The problem:
Repeat exactly, and only, the lines below starting at the line that contains "615 40 Avenue" and ending at the line that contains "More Photos Of", inclusive of both.

──────────────────────────────

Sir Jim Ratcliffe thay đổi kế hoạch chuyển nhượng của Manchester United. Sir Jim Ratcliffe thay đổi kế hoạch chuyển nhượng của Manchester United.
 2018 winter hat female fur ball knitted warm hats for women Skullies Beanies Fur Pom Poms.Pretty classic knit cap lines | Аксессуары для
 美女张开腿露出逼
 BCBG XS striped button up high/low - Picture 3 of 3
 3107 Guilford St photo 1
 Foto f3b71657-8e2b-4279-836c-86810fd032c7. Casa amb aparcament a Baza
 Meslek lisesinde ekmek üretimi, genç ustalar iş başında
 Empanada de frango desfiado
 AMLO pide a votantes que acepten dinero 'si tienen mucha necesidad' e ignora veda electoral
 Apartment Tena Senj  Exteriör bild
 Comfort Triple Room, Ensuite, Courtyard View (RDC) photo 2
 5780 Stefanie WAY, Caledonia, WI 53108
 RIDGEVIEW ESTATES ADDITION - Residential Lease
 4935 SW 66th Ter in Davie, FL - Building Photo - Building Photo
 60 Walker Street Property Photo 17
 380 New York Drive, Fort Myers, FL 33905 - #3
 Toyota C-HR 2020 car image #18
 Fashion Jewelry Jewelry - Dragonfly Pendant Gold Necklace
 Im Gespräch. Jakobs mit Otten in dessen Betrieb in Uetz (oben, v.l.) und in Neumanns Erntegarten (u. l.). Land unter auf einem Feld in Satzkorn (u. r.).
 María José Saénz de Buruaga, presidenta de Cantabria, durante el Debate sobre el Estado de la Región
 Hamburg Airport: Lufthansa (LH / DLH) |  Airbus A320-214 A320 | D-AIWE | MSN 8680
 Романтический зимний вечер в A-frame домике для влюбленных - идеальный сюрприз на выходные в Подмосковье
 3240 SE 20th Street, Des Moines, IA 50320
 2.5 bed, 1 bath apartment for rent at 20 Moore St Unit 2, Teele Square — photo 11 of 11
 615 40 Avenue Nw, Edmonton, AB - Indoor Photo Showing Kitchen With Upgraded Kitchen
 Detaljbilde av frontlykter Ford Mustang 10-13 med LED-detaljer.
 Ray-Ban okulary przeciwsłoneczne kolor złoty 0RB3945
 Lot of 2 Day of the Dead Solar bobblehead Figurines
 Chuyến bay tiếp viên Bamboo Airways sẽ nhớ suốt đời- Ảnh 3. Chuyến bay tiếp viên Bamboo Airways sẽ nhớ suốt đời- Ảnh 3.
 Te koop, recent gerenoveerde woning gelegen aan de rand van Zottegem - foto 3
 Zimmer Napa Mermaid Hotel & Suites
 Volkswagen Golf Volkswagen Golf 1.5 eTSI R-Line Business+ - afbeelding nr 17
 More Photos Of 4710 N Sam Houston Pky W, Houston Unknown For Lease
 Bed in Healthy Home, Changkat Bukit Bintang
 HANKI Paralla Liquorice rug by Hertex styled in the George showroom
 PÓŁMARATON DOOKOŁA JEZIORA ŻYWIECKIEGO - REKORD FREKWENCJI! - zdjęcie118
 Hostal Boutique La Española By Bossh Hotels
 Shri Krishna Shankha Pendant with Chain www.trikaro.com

──────────────────────────────

Result:
 615 40 Avenue Nw, Edmonton, AB - Indoor Photo Showing Kitchen With Upgraded Kitchen
 Detaljbilde av frontlykter Ford Mustang 10-13 med LED-detaljer.
 Ray-Ban okulary przeciwsłoneczne kolor złoty 0RB3945
 Lot of 2 Day of the Dead Solar bobblehead Figurines
 Chuyến bay tiếp viên Bamboo Airways sẽ nhớ suốt đời- Ảnh 3. Chuyến bay tiếp viên Bamboo Airways sẽ nhớ suốt đời- Ảnh 3.
 Te koop, recent gerenoveerde woning gelegen aan de rand van Zottegem - foto 3
 Zimmer Napa Mermaid Hotel & Suites
 Volkswagen Golf Volkswagen Golf 1.5 eTSI R-Line Business+ - afbeelding nr 17
 More Photos Of 4710 N Sam Houston Pky W, Houston Unknown For Lease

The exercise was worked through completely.